Program on Political Economy Seminar

Date: 

Thursday, October 10, 2019, 4:30pm to 5:45pm

Location: 

Hansen/Mason Room (3rd floor lounge), Littauer Center

Today's presenter: Ernesto Dal Bo (Berkeley), "Government Decentralization Under Changing State Capacity: Experimental Evidence from Paraguay" (with Fred Finan, Nicholas Li and Laura Schechter)

All interested faculty and students are invited to attend. 

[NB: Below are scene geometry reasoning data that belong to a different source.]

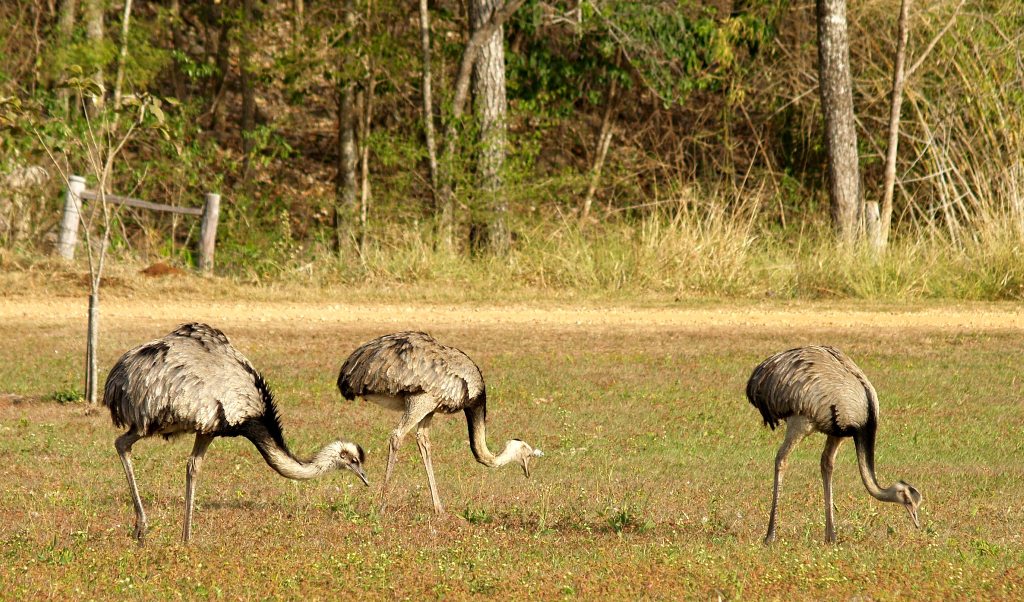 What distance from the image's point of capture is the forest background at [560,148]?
2034cm

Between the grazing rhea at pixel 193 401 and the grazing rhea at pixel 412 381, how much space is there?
808mm

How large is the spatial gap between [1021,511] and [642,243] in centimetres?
1274

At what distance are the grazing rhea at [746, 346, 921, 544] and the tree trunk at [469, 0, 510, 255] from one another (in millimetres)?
13611

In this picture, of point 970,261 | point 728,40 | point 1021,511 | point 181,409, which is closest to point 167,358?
point 181,409

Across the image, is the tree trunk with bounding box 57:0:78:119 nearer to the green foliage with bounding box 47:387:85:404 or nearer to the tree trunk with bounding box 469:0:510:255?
the tree trunk with bounding box 469:0:510:255

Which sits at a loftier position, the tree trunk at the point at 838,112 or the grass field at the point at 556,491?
the tree trunk at the point at 838,112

Abstract: Standard models of hierarchy assume that agents and middle managers are better informed than principals about how to implement a particular task. We estimate the value of the informational advantage held by supervisors – middle managers – when ministerial leadership – the principal – introduced a new monitoring technology aimed at improving the performance of agricultural extension agents (AEAs) in rural Paraguay. Our approach employs a novel experimental design that elicited  reatment-priority rankings from supervisors before randomization of treatment. We find that supervisors did have valuable information—they prioritized AEAs who would be more responsive to the monitoring treatment. We develop a model of monitoring under different allocation rules and roll-out scales (i.e., the share of AEAs to receive treatment). We semi-parametrically estimate marginal treatment effects (MTEs) to demonstrate that the value of information and the benefits to decentralizing treatment decisions depend crucially on the sophistication of the principal and on the scale of roll-out.

Co-sponsored by FAS and IQSS, the Program on Political Economy (PE) supports research-related activities that integrate the study of economics and politics, whether by studying economic behavior in the political process or political behavior in the marketplace. In general, positive political economy is concerned with showing how observed differences among institutions affect political and economic outcomes in various social, economic, and political systems and how the institutions themselves change and develop in response to individual and collective beliefs, preferences, and strategies.